ACTIVITY:
Using the records below, repeat exactly the lines from the one holding "washroom with washing machine and dryer" through the one holding "Stock Photography - Young", both ends included, and no others.

··· SUPPLIED MATERIAL

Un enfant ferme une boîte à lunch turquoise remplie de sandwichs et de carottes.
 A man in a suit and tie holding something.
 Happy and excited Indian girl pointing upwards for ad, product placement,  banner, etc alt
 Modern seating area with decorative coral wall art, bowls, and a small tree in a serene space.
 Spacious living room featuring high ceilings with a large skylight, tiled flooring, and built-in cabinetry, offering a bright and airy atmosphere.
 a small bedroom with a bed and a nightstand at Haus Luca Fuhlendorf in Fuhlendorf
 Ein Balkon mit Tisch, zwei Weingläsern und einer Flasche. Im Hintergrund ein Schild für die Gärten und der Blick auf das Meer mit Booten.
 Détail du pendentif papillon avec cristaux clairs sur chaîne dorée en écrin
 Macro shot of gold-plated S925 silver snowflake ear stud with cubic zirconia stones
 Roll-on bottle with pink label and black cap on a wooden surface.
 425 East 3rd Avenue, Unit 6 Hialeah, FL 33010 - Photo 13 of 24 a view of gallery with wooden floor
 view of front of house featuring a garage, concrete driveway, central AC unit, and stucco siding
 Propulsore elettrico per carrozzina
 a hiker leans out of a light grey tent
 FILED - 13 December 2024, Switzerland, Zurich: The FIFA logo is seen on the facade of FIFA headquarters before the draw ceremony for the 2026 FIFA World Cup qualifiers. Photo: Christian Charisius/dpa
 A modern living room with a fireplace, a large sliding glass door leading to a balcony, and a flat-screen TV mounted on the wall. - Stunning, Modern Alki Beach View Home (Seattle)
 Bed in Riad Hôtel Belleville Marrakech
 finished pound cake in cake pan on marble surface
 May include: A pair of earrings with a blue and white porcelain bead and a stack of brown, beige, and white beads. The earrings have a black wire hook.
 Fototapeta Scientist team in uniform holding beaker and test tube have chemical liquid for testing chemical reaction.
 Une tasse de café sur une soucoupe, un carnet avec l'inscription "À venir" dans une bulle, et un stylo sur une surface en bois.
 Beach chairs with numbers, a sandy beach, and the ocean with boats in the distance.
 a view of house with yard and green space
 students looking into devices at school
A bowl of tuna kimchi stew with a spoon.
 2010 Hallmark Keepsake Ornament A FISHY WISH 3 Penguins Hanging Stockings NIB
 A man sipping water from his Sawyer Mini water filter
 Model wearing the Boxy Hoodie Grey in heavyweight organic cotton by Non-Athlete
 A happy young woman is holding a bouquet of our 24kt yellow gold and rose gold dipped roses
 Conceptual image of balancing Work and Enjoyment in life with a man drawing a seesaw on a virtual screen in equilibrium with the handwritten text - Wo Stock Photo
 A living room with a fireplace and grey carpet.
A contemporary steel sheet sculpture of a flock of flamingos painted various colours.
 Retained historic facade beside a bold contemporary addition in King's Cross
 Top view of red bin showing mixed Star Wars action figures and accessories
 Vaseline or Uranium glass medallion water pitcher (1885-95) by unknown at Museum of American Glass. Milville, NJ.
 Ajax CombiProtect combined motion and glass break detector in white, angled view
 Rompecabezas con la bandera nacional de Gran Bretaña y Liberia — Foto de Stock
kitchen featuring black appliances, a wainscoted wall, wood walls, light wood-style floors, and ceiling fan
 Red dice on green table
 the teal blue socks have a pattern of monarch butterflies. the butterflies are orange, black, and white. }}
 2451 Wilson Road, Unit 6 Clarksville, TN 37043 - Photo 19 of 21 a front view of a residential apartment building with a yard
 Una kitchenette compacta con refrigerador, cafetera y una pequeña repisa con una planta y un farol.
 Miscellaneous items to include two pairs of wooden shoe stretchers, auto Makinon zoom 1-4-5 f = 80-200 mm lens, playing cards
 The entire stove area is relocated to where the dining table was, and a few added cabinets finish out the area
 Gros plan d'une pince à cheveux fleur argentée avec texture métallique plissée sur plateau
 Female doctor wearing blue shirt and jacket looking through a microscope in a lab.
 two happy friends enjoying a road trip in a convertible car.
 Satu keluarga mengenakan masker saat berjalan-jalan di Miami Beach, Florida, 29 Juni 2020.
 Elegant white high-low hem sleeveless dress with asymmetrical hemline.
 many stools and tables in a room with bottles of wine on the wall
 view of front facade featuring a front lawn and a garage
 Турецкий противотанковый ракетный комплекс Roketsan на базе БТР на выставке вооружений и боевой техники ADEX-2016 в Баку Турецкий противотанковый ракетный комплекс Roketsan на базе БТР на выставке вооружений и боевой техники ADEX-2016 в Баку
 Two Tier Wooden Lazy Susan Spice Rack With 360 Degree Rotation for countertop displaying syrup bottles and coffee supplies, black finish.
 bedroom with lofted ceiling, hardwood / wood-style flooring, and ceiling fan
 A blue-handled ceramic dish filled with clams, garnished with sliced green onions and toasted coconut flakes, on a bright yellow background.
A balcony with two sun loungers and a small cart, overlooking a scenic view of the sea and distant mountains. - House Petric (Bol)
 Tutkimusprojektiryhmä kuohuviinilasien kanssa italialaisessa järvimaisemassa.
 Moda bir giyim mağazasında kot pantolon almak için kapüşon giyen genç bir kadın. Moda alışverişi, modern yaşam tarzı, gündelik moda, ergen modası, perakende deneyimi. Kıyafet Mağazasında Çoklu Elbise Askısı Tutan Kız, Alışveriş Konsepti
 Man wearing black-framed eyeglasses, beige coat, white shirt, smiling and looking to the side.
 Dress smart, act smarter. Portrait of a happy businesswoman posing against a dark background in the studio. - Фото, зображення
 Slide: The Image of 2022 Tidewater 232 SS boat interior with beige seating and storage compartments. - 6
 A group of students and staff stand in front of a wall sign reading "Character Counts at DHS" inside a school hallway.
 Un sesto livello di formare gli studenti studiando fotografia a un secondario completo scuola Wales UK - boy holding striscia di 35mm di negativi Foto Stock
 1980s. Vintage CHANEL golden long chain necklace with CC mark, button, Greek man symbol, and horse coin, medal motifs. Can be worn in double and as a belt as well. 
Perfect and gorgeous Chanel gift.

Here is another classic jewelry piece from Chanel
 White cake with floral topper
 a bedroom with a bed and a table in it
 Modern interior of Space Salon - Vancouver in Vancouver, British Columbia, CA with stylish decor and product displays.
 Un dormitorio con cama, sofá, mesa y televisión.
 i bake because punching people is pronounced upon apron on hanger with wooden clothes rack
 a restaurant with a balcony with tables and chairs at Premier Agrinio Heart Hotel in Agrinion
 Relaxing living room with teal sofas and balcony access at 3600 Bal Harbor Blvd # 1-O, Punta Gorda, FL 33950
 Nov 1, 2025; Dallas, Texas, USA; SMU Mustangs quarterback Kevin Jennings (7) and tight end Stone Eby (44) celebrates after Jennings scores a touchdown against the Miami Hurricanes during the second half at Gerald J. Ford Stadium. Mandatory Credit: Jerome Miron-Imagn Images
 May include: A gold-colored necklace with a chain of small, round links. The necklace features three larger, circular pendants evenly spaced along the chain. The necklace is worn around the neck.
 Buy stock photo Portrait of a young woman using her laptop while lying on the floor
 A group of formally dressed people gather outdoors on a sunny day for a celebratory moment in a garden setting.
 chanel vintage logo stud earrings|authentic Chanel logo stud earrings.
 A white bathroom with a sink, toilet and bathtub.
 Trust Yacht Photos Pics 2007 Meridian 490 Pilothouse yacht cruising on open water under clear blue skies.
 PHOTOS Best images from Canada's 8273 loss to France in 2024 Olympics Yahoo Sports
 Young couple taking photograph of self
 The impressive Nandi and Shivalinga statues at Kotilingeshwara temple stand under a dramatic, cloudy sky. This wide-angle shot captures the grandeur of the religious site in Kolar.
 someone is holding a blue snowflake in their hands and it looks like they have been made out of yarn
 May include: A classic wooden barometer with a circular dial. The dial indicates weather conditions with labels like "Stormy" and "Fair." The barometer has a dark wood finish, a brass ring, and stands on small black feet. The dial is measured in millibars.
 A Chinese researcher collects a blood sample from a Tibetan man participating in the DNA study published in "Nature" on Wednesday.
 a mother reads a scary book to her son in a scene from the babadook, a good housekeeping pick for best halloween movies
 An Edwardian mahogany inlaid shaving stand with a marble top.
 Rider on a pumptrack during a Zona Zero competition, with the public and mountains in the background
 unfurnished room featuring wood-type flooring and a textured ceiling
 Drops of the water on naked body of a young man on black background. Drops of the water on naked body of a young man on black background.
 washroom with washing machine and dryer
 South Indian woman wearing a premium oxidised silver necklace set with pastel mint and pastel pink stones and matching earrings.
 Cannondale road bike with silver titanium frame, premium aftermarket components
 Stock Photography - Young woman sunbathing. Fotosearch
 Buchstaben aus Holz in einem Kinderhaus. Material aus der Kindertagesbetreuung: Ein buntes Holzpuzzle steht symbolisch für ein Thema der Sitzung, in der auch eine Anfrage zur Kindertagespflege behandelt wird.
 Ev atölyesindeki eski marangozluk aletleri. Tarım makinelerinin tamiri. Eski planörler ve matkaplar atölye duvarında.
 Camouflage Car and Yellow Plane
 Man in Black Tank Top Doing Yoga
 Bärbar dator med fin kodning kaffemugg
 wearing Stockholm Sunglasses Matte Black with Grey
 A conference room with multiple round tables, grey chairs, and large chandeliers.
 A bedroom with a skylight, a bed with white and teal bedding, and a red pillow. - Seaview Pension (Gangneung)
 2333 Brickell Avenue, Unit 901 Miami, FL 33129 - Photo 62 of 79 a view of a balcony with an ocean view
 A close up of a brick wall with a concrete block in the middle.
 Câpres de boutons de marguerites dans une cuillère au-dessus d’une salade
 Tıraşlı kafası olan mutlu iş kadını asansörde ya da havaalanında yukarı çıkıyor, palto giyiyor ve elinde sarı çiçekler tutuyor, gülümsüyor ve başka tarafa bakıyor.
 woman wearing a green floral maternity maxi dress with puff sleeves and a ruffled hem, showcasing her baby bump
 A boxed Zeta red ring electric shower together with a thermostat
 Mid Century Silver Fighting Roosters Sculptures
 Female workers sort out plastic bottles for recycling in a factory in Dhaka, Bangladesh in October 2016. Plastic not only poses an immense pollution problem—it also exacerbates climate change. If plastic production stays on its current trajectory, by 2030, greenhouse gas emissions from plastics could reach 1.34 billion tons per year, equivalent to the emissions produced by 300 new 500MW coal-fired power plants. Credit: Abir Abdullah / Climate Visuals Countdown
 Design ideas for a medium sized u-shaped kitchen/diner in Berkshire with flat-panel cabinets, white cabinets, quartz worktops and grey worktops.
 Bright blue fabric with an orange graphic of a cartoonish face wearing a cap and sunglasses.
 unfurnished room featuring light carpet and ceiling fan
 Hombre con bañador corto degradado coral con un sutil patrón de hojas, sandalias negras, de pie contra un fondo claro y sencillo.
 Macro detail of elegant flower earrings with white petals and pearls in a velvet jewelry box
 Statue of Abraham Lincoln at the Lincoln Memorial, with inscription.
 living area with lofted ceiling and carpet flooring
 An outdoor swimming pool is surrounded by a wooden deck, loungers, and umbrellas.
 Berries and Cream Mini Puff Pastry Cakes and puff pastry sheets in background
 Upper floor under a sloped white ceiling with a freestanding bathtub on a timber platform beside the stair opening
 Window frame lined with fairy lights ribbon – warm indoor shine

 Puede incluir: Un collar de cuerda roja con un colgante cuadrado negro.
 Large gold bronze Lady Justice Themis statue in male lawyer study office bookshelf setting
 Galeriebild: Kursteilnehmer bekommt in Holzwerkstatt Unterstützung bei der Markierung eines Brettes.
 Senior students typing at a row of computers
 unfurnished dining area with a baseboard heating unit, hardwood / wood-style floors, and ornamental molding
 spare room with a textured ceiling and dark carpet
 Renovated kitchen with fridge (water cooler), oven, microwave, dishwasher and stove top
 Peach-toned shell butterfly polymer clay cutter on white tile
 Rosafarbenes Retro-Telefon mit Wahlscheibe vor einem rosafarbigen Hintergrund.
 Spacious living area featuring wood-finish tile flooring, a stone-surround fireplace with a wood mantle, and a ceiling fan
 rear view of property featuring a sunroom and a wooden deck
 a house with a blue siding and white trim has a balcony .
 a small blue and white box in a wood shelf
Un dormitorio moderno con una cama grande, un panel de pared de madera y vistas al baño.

······

WRITTEN SOLUTION:
 washroom with washing machine and dryer
 South Indian woman wearing a premium oxidised silver necklace set with pastel mint and pastel pink stones and matching earrings.
 Cannondale road bike with silver titanium frame, premium aftermarket components
 Stock Photography - Young woman sunbathing. Fotosearch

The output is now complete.